**What is required**. Word for word, copy out the records given below.

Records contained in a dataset
☆ ☆ ☆ ☆ ☆

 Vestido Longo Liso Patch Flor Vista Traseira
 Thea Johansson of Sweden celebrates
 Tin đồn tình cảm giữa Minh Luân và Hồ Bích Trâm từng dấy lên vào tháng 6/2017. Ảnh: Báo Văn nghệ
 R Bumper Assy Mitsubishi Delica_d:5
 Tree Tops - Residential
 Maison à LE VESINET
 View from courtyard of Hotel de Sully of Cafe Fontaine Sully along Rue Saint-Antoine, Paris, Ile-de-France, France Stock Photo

☆ ☆ ☆ ☆ ☆

**Exercise response**.
 Vestido Longo Liso Patch Flor Vista Traseira
 Thea Johansson of Sweden celebrates
 Tin đồn tình cảm giữa Minh Luân và Hồ Bích Trâm từng dấy lên vào tháng 6/2017. Ảnh: Báo Văn nghệ
 R Bumper Assy Mitsubishi Delica_d:5
 Tree Tops - Residential
 Maison à LE VESINET
 View from courtyard of Hotel de Sully of Cafe Fontaine Sully along Rue Saint-Antoine, Paris, Ile-de-France, France Stock Photo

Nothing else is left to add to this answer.